At some point, the man stopped at a 7-Eleven. That's when, according to a chain of events described in an arrest affidavit, Herlong and an accomplice took an extraordinary step to make sure they didn't lose him: They attached a homemade tracking device - an iPhone rigged with magnets - to the bottom of the man's car.
Minutes later, the pair cornered the man as he entered a gathering at a nearby apartment, robbing him at gunpoint, stealing his car and fatally shooting another man, 32-year-old Jacaris Rozier, according to police.
Orlando police documents released Thursday detail how investigators identified Herlong, 37, as the suspect in the Feb. 19 killing of Rozier. Herlong has pleaded not guilty to murder, home invasion, carjacking and grand theft, records show.

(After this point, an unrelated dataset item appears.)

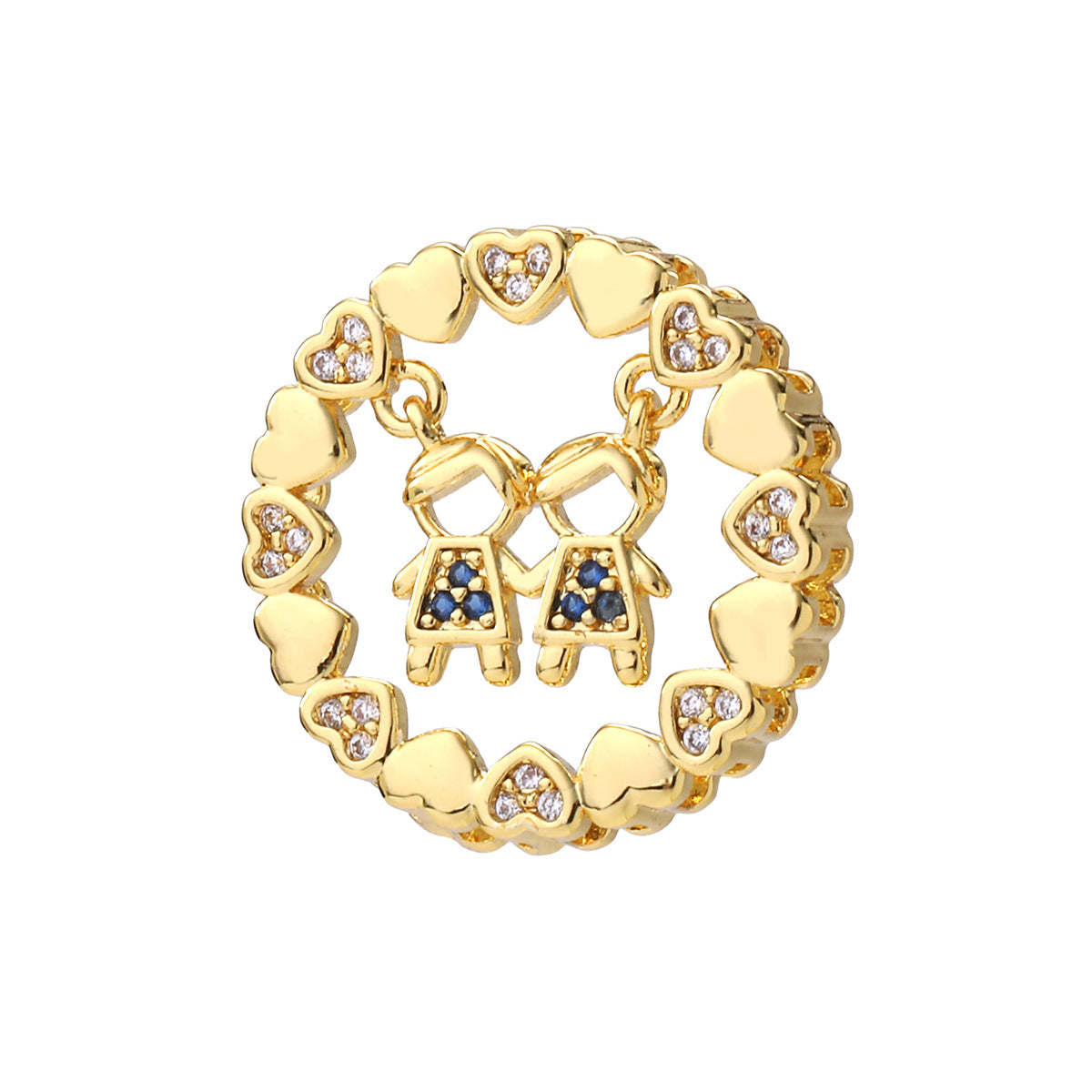 Wholesale Matching Couple Pendant Necklace 14K Gold Plated Brass Zircon Choker Fashion Accessory Gift Boutique Resale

His defense attorney declined to comment on the charges Friday.
The documents, first reported by Orlando's News 6, also offer a window into the highly unusual method Herlong is said to have used to surveil his victim and are bound to raise some concerns for the privacy-conscious.
According to the arrest warrant, Herlong laid the groundwork for his alleged crimes weeks earlier at a Panda Express restaurant in another part of town. Investigators said he stole a purse and wallet from a worker there in late January, then used her identification to buy the iPhone at a Metro PCS store.
On Feb. 18, Herlong or someone associated with him activated the phone using an iCloud account in the restaurant worker's name, according to the affidavit. Investigators said they confirmed the timeline using surveillance footage, receipts and interviews. They also said they found Herlong's number in the device.
The following day, Herlong staked out the victim at the Millenia Mall, according to police, who said surveillance footage showed him with two accomplices, neither of whom was identified.
When homicide detectives canvassed the shooting scene in the city's Thornton Park neighborhood, they found the victim's Lexus nearby. As the vehicle was being loaded onto a tow truck, the truck's driver noticed a small nylon bag hanging from the undercarriage, police said.
The affidavit described the contents: "Attached to the bag were two magnets. Inside the bag was an Apple IPhone set to 'do not disturb' and wrapped in a sealed Ziploc bag. The phone's battery was close to or at full charge, indicating it had been placed there recently."
Within a week, investigators linked the iPhone to Herlong, according to the affidavit.
The suspects "targeted [the victim] for a robbery due to his purchases of high end, expensive items," police said in the affidavit. "They could be seen making overt efforts to follow [the victim] away from the mall as they tried to find a suitable location to commit the robbery."
"In an additional effort to ensure they did not lose their quarry, the group used a new Apple IPhone, as an improvised vehicle tracker, placing it on vehicle at an opportune time," police said. They added that only someone with access to the iCloud account created in the restaurant worker's name would be able to track the phone.
A search of Herlong's apartment in the city's southwest turned up several bags and articles of clothing from Gucci and Louis Vuitton, along with a Metro PCS receipt bearing the restaurant worker's name and boxes for the phone, according to police. They also found during a search of his Mercedes SUV an assault-style rifle that matched the description of the weapon used in the shooting, the affidavit says.
Officers also found more than a dozen cellphones on the property, including multiple Androids and prepaid Tracfones, records show.
Turning an iPhone into an improvised tracking device is relatively simple - a quick Google search turns up many tutorials on how to do it. It's illegal to spy on a person with a GPS phone without their consent, but there are legitimate reasons for using the devices, such as tracking personal belongings.
Private investigators sometimes use prepaid phones and other devices to monitor suspected cheating spouses, operating in a legal gray area in which they try to skirt laws against nonconsensual GPS tracking. Domestic abusers also sometimes monitor their partners' devices to keep track of their whereabouts.
But Bill Marczak, an expert in surveillance at the University of California at Berkeley, said he was unfamiliar with any cases involving a suspect using a cellphone to track a victim. It may not even be that efficient, he said.
"Haven't heard of this modality of 'planting a cell phone on someone' being used by criminals before," he said in an email. "I don't immediately see why someone would prefer to plant an iPhone rather than a purpose-built GPS tracker (which would be cheaper, and have much longer battery life than the iPhone)."
Herlong's next scheduled court appearance is a pretrial hearing on Oct. 26. He could face 25 years or more in prison if convicted on the second degree murder charge.